From Omeleto.
A teenager is torn between her parents.
TSEHAI is used with permission from David Ramos and Sarah Shuman. Learn more at https://instagram.com/tsehai.theshort.
In the mid-2000s in Southern California, Tsehai is a biracial teenager living with her parents at home. But home is not a peaceful place for Tsehai. Her Ethiopian mother and white American father are often at odds with one another, and Tsehai often tries to keep the peace between them.
Their relationship reflects the internal pressure Tsehai feels to choose a side, torn between her Western culture and her Ethiopian roots. As some major family events loom on the horizon, Tsehai must reconcile the two halves of her heritage and identity.

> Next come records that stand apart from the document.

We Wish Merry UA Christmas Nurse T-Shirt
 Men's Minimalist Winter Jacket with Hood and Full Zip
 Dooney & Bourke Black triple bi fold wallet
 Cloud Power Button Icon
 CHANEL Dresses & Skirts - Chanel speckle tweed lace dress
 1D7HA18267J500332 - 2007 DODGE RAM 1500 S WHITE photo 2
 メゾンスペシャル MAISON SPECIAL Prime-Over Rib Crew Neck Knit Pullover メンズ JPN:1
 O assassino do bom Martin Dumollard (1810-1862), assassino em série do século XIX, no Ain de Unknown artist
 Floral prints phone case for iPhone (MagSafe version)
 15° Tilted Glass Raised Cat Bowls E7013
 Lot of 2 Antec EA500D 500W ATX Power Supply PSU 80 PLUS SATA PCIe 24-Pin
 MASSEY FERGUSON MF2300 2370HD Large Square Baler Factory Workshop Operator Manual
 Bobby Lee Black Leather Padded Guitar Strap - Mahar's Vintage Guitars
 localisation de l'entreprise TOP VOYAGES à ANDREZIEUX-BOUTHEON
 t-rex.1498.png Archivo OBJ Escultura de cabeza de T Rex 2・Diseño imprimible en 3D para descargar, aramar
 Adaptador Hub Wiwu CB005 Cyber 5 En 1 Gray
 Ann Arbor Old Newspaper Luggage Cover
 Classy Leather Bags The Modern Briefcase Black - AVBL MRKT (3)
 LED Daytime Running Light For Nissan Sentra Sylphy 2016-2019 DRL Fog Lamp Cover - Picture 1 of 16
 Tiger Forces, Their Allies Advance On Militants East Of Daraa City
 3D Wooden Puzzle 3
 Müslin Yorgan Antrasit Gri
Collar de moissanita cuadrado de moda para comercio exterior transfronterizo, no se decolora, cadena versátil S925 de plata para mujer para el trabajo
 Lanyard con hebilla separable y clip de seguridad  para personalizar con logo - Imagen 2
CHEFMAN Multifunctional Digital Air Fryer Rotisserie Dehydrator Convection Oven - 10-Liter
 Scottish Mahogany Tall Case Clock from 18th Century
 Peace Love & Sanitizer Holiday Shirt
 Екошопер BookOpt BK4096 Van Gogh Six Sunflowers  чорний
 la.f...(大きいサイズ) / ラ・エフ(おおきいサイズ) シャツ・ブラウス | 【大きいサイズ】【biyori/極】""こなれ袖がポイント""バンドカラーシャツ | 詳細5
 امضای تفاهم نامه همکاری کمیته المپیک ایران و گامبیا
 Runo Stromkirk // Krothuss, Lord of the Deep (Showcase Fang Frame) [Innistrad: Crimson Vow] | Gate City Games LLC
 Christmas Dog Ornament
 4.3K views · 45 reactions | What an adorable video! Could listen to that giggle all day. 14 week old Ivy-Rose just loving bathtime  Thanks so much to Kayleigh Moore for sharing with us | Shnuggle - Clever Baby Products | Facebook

Directed by David Ramos and Sarah Shuman and written by Shuman, this poignant short drama explores identity, belonging and the intricate dynamics of multicultural families through one teenage girl’s coming-of-age narrative. Rendered in compelling, emotionally intimate storytelling and gently sun-soaked visuals that relay both Tsehai’s warm emotional nature and her Californian milieu, Tsehai’s arc reflects the challenges many biracial people face in reconciling differing cultural norms and expectations within their family dynamics, especially as they take on the emotional labor of mediating their parents’ conflicts.
The writing has the gift of feeling specific to Tsehai but also relatable. Like many children from high-conflict homes, she feels torn between her parents as they fight and clash, and she tries to maintain a loving bond with both, even as the bond between mother and father frays. But there’s also intimate attention in the more specific everyday rituals of life, like when Tsehai and her mother dress her hair. But Tsehai also has to navigate other loaded family situations, such as a family dinner with her father’s side of the family. As the adults argue over politics, we can all relate to how she sinks into her meal, pretending that nothing is happening, even as the grown-ups steadfastly ignore that their abstract political discussion becomes personal for Tsehai.
As Tsehai, actor Maryna Bennett relays her essential desire to simply enjoy her life and love her family without the tension and rancor. She portrays her character’s general good nature, but also how the conflict and agendas around her force her to hold her emotions in. It takes a toll on her. But as Tsehai finds solace later with her mother’s Ethiopian family and its traditions of togetherness and family — and manages to pull every loved one into her orbit — she finds a gentle moment of peace, joy and belonging she’s been seeking all along.
Those final moments of simple familial joy leave viewers of TSEHAI with a gentle wash of poignant contentment and insight. Perhaps her parents may not immediately solve the deeper-seated problems in the family, Tsehai can bring together the disparate parts of herself into a sturdy sense of wholeness — one that stays stalwart, no matter how the adults in her life may go.